A D.C. police sergeant who fatally shot a man is heard on body-camera video yelling “gun” several times just before firing in a park last week in Northwest Washington, but the footage does not show what threat, if any, prompted the deadly force.
“I know Mr. [Hargraves]-Shird was running, and I know the officer fired,” D.C. Police Chief Robert J. Contee III said during a news conference after the video was made public Friday. He said it would be premature “to draw any conclusions beyond that based on the video.”
The sergeant, a 17-year veteran identified as Reinaldo Otero-Camacho, has not made a statement to investigators, as is his right during the criminal review of the case, according to D.C. officials.

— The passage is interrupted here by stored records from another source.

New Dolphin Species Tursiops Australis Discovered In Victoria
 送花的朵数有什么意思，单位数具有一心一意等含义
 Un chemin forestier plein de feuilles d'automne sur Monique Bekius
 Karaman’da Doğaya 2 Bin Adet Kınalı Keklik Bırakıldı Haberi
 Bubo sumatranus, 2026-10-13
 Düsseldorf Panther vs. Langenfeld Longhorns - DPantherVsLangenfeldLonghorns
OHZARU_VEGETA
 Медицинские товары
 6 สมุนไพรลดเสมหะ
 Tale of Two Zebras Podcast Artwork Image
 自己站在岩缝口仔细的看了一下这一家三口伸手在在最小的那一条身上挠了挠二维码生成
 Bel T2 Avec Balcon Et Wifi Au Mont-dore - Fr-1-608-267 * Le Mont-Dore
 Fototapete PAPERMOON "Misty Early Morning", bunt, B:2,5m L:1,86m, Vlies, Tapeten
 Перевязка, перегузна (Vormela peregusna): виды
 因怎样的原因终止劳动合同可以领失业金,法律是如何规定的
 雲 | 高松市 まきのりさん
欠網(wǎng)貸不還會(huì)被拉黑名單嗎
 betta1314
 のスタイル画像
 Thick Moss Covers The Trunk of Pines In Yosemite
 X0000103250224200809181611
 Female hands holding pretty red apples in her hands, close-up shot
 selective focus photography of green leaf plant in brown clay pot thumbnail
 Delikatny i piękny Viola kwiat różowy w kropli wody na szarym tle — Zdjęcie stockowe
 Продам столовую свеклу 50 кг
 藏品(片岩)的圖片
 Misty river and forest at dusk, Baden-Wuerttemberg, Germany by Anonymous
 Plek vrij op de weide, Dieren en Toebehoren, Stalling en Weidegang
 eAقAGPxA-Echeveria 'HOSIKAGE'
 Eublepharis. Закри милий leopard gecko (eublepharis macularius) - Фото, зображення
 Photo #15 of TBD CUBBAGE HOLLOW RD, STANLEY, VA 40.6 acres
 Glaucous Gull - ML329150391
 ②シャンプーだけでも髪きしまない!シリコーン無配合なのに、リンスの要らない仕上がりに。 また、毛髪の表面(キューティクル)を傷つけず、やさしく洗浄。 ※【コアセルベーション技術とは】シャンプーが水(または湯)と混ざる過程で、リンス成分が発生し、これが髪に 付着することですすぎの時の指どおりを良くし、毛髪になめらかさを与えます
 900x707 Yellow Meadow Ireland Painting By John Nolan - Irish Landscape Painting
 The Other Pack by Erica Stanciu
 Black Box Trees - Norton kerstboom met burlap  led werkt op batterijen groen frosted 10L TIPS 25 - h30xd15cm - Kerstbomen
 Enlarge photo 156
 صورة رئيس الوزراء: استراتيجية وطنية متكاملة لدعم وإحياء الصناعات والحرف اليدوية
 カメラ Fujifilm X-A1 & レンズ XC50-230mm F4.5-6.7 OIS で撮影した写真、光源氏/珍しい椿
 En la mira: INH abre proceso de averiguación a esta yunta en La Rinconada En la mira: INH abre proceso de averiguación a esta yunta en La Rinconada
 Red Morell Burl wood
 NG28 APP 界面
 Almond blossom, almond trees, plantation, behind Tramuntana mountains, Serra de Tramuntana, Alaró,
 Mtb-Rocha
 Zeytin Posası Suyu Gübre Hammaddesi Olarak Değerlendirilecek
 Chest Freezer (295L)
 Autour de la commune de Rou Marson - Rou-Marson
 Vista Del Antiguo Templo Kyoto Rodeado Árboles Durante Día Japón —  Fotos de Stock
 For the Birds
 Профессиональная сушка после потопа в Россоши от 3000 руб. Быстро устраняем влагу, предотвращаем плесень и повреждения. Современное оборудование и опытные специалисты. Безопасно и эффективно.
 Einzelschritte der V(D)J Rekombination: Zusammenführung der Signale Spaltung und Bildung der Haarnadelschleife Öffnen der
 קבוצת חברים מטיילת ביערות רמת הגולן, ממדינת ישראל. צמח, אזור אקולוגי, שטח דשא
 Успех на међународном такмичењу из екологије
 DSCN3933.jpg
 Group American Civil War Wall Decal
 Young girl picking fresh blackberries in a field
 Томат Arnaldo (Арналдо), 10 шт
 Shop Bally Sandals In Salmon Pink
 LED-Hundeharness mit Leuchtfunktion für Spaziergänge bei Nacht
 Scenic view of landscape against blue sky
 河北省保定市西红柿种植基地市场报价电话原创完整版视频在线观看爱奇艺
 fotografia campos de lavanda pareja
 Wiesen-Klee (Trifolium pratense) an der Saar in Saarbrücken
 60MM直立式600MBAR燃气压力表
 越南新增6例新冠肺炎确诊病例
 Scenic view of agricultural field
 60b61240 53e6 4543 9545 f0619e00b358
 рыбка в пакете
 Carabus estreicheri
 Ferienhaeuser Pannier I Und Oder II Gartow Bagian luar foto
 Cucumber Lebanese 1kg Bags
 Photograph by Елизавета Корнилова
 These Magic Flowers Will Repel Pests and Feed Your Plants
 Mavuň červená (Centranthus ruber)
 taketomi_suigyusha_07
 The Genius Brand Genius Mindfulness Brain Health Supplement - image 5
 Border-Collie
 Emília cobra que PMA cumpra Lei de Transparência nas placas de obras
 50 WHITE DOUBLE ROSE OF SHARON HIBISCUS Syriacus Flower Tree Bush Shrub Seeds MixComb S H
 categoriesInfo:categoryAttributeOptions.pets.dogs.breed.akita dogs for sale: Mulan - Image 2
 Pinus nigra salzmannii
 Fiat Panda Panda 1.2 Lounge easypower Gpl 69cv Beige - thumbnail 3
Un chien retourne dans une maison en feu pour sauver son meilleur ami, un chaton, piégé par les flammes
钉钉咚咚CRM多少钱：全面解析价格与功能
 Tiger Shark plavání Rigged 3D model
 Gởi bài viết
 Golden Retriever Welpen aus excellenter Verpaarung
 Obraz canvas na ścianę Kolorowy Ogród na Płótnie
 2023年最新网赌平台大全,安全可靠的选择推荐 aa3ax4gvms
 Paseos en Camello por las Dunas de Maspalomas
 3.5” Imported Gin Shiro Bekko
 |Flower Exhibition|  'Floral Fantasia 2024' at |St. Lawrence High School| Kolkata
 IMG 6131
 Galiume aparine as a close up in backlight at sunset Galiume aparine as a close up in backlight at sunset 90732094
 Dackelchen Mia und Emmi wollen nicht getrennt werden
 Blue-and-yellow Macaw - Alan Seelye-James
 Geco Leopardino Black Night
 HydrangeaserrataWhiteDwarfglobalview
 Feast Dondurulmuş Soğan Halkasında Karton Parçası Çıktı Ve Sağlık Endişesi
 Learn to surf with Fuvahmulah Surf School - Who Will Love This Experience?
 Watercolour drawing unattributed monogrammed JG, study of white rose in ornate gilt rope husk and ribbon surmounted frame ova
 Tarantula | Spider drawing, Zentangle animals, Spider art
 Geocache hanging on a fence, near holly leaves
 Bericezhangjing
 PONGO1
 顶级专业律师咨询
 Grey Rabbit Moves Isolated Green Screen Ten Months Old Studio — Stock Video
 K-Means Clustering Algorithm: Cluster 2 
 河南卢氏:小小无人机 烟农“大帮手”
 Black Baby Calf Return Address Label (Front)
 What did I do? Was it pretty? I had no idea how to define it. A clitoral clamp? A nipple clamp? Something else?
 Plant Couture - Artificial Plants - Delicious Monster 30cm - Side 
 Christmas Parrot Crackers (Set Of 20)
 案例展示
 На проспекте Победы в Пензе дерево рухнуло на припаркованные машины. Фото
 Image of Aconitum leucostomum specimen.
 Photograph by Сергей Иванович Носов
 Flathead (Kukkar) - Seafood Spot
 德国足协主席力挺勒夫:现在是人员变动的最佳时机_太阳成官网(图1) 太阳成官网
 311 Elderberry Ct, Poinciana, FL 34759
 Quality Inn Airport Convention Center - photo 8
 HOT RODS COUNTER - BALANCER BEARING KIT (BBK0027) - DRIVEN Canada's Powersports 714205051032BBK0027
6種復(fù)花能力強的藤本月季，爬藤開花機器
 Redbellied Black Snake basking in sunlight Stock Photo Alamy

He is on administrative leave.
Hargraves-Shird’s sister, Serena Hargraves, disputed several statements Contee and Mayor Muriel E. Bowser (D) made Friday. She sat in the front row at the news conference and angrily confronted the city’s chief executive and law enforcement officer as news cameras rolled.
“That’s my brother,” the sister shouted at one point, interrupting Bowser to dispute statements that Hargraves-Shird had been armed and that the officer shouted “gun” several times before shooting.
“Don’t do that! Don’t do that!” she yelled. “None of that happened.”
She later told reporters that her brother was not a threat.
“Do you know how devastating it is to sit here and get video of them handcuffing my brother and he’s bleeding profusely from the head? You know how hard that is? And we can’t even mourn correctly because we are fighting the police, we’re fighting the media.”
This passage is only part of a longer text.